Your task is to transcribe the entries exactly.

● ● ● ● ● ● ●

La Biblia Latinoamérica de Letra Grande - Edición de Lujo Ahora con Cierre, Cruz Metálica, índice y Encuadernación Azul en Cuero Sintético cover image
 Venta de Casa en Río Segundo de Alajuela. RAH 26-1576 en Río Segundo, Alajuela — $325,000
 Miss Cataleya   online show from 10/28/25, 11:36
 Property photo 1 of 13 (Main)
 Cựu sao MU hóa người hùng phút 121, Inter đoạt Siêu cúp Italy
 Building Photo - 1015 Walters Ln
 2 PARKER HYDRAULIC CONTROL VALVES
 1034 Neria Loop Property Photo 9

● ● ● ● ● ● ●

**Exercise answer:**
La Biblia Latinoamérica de Letra Grande - Edición de Lujo Ahora con Cierre, Cruz Metálica, índice y Encuadernación Azul en Cuero Sintético cover image
 Venta de Casa en Río Segundo de Alajuela. RAH 26-1576 en Río Segundo, Alajuela — $325,000
 Miss Cataleya   online show from 10/28/25, 11:36
 Property photo 1 of 13 (Main)
 Cựu sao MU hóa người hùng phút 121, Inter đoạt Siêu cúp Italy
 Building Photo - 1015 Walters Ln
 2 PARKER HYDRAULIC CONTROL VALVES
 1034 Neria Loop Property Photo 9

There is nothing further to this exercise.